• you should’ve never kissed me..

    by  • May 19, 2011 • Smitten, Uncategorized • 0 Comments

    it’s been over a month now since the first time you kissed me. It all seemed so perfect that cold March night. I had no idea it was coming. You followed me outside, we just sat there talking, not thinking anything would happen. I wasn’t expecting anything. I layed down looking at the stars while still engaged in our conversations. You came and laid next to me, put your arm around me and tricked me into falling for you at that very moment. Your cheek brushed mine so softly, it took what seemed like forever for you to finally kiss me, but then it happened and I instantly got butterflies. I replay your face brushing against mine right before you kissed me over and over again.
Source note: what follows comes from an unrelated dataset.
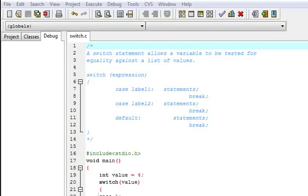Hello friends, I am champion Mahipal. Today we are going to learn about switch statements in C language.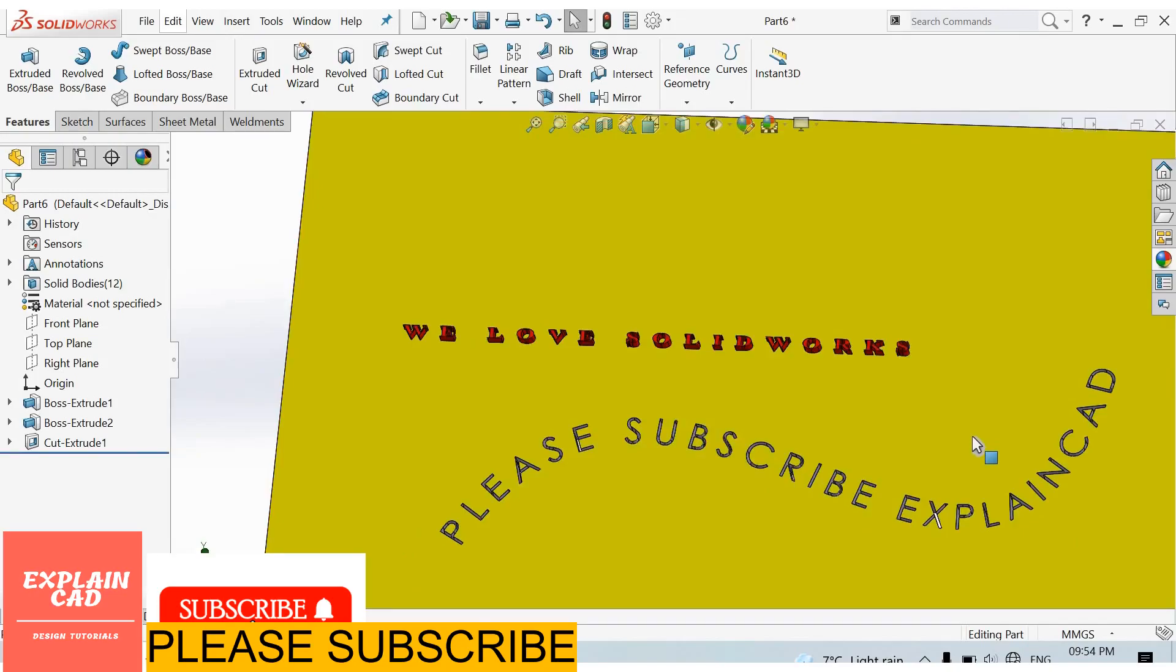So this is the basic tutorial of sketch text. Thanks for watching and please subscribe. See you next time.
I enjoyed every second of your sweet soft kiss… But where are we now? Barley speaking, awkwardly walking past each other in the halls. It seems like your name comes up all the time now and it kills me. I know nothing about you, nothing at all. Yet I still cannot think of anyone else besides you. I can’t stomach the thought of you even thinking of another girl. What were your intentions that night? Why did you kiss me? Sometimes I really wish you hadn’t; because than I wouldn’t be left here with the pain in my chest everytime you’re name comes to my mind. You have the worst timing. It’s my senior year, my heart shouldn’t be stuck in high school with you. It’s not fair, how could you do this to me? How could I have fallen for you so hard? I like to think that after graduations i’ll be okay, I won’t think you anymore and once I start college three states away next year everything will be different. We’ll both be happy and you’ll just be another boy I crushed on in highschool. I don’t love you, I can’t love you, I barely know you; but everything just seemed to right. You make me feel so right Dan.